UX Designer (embedded within the client’s in-house product team via agency collaboration)
Collaborated with product managers, AI engineers, UX researchers, UI designers, and agency stakeholders
I worked as a UX Designer embedded inside the product team of a leading productivity platform through an agency partnership. Our goal was to integrate AI-powered writing and editing features directly into the existing platform, without disrupting users’ established workflows. The challenge was balancing innovation with usability: introducing AI without overwhelming users unfamiliar with AI tools or adding cognitive load to core tasks. Through early research with users including students, entrepreneurs, and content creators, we uncovered key pain points around trust, discoverability, and uncertainty about what AI could do. Our approach focused on designing intuitive, contextual entry points for AI that felt natural within users’ existing writing flows. We followed an iterative design process, continuously validating concepts with users while navigating constraints like launch timelines, AI model limitations, and data privacy requirements. Success was defined by achieving high discoverability and adoption of AI features without increasing user confusion or support burden. Metrics included AI feature adoption, task success rates, and qualitative satisfaction from usability testing.
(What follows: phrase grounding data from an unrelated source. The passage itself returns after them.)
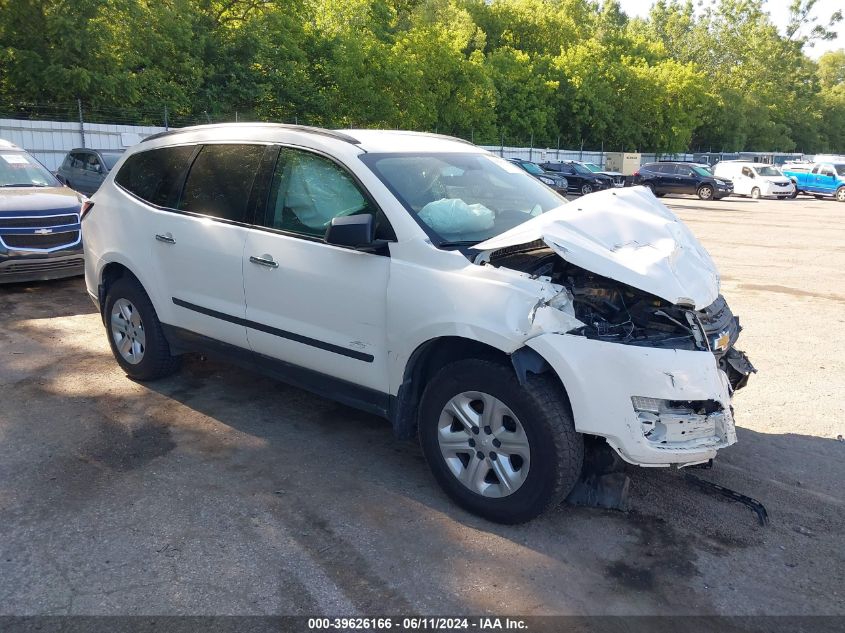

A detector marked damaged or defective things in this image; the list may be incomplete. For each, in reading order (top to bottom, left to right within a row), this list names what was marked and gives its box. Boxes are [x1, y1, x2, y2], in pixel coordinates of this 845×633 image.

crushed hood [474, 185, 720, 308]
severe front-end damage [472, 185, 756, 466]
cracked bumper [532, 334, 736, 466] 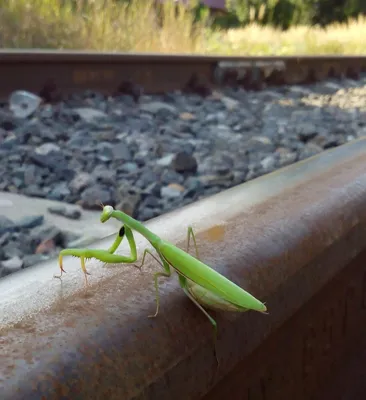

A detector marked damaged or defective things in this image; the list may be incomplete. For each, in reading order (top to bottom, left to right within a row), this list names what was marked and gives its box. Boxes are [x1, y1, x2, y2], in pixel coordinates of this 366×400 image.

rusty metal rail [1, 50, 366, 100]
rusty metal rail [2, 137, 366, 396] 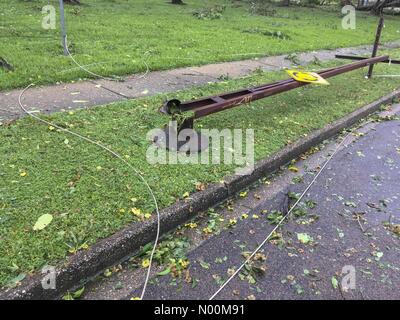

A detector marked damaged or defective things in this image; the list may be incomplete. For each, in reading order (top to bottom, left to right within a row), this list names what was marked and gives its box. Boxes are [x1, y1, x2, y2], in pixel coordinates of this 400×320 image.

rusty brown metal pole [368, 15, 386, 79] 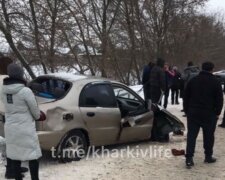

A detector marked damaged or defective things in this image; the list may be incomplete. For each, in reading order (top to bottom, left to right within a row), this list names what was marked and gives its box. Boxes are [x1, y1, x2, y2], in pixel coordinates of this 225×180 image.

damaged sedan car [0, 74, 185, 161] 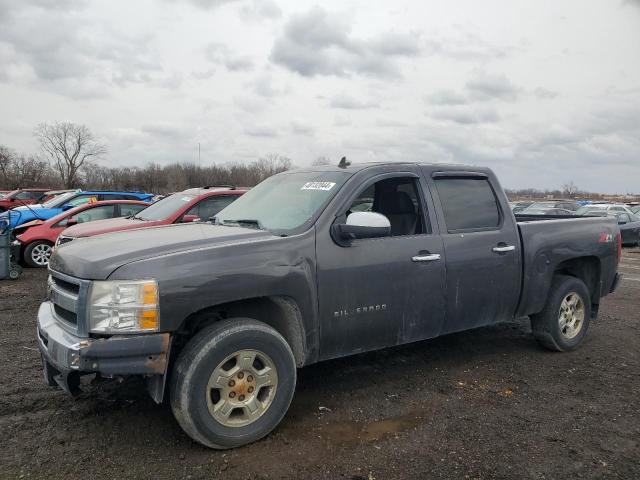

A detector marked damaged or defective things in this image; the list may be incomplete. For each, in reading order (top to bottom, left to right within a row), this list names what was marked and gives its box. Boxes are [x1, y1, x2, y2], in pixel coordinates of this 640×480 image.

damaged vehicle [38, 162, 620, 450] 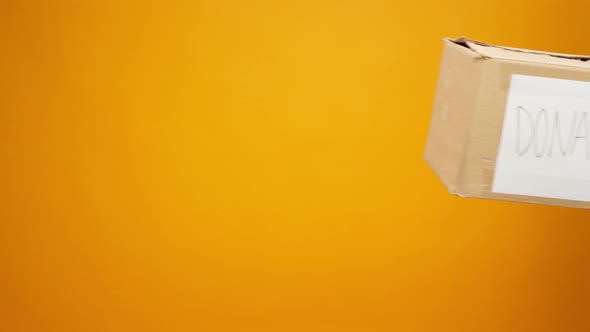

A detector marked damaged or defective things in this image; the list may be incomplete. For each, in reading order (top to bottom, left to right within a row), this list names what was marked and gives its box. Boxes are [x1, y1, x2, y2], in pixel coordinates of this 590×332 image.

We conducted interviews and surveys with over 400 users to understand mental models and expectations for AI-assisted writing. A key insight was that users wanted clear guidance on what AI could do, rather than an open-ended prompt. Based on these insights, we explored different ways to invoke AI—initially testing a persistent AI sidebar, which users found distracting. Through iterative usability testing, we arrived at a lightweight inline trigger and a global AI command palette, allowing users to summon AI help contextually without clutter. Across three rounds of usability testing, we refined designs by adding suggested prompts, clearer undo options, and feedback mechanisms for AI output confidence. Each iteration improved user outcomes: discoverability of the AI trigger increased from 60 percent to 100 percent, and task success rates rose from 70 percent to 92 percent. Collaboration with AI engineers ensured technical feasibility while preserving user experience priorities.
The final design delivered a seamless AI experience through contextual triggers and guided prompts, validated by measurable gains in discoverability, usability, and user confidence. Post-launch, the AI feature achieved over 50 percent adoption among beta users in the first month, with lower-than-expected support tickets. Deliverables included a high-fidelity prototype, annotated interaction guidelines, a research findings report, and a tailored set of UX principles for AI interaction. This project reinforced my belief in progressive disclosure and iterative, evidence-driven design when introducing complex technologies into familiar user environments.